Many variations of aircraft engine starting have been used since the Wright brothers made their first powered flight in 1903. The methods used have been designed for weight saving, simplicity of operation and reliability. Early piston engines were started by hand. Geared hand starting, electrical and cartridge-operated systems for larger engines were developed between the First and Second World Wars.

Gas turbine aircraft engines such as turbojets, turboshafts and turbofans often use air/pneumatic starting, with the use of bleed air from built-in auxiliary power units (APUs) or external air compressors now seen as a common starting method. Often only one engine needs be started using the APU (or remote compressor). After the first engine is started using APU bleed air, cross-bleed air from the running engine can be used to start the remaining engine(s).

Hand starting of aircraft piston engines by swinging the propeller is the oldest and simplest method, the absence of any onboard starting system giving an appreciable weight saving. Positioning of the propeller relative to the crankshaft is arranged such that the engine pistons pass through top dead centre during the swinging stroke.

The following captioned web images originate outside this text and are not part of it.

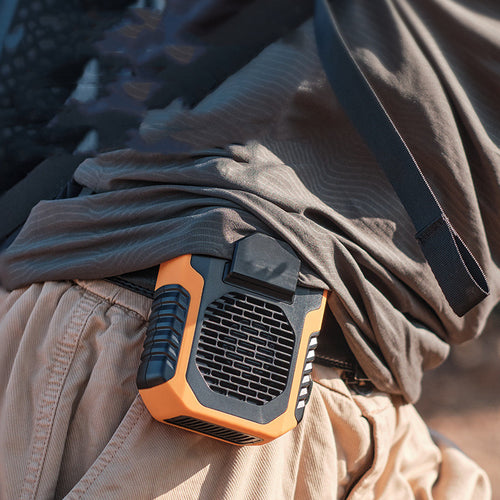 Portable fan attached to a person's belt with a blurred background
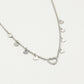 Fijne ketting open hartje met vallende hartjes zilverkleurig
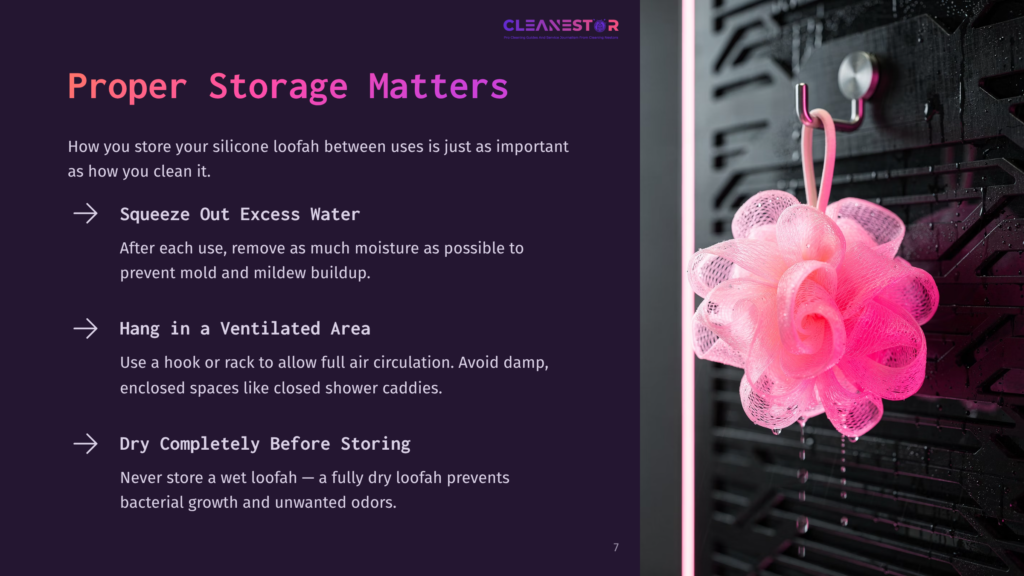 A Pink Silicone Loofah Hangs From A Hook On A Dark, Textured Wall, Illustrating Proper Storage Tips For Keeping Loofahs Clean And Hygienic.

As the ignition system is normally arranged to produce sparks before top dead centre there is a risk of the engine kicking back during hand starting. To avoid this problem one of the two magnetos used in a typical aero engine ignition system is fitted with an 'impulse coupling', a spring-loaded device which delays the spark until top dead centre and which also increases the rotational speed of the magneto to produce a stronger spark. When the engine fires, the impulse coupling no longer operates and the second magneto is switched on. As aero engines grew bigger in capacity (during the interwar period), single-person propeller swinging became physically difficult‍—‍‌ground crew personnel would either join hands and pull together as a team, or else a canvas sock would be fitted over one propeller blade, the sock having a length of rope attached to the propeller tip end. Note that this is different from the manual "turning over" of a radial piston engine, which is done to release oil that has become trapped in the lower cylinders prior to starting to avoid engine damage. The two appear similar, but while hand starting involves a sharp, strong "yank" on the prop to start the engine, turning over is simply done by turning the prop through a certain set amount.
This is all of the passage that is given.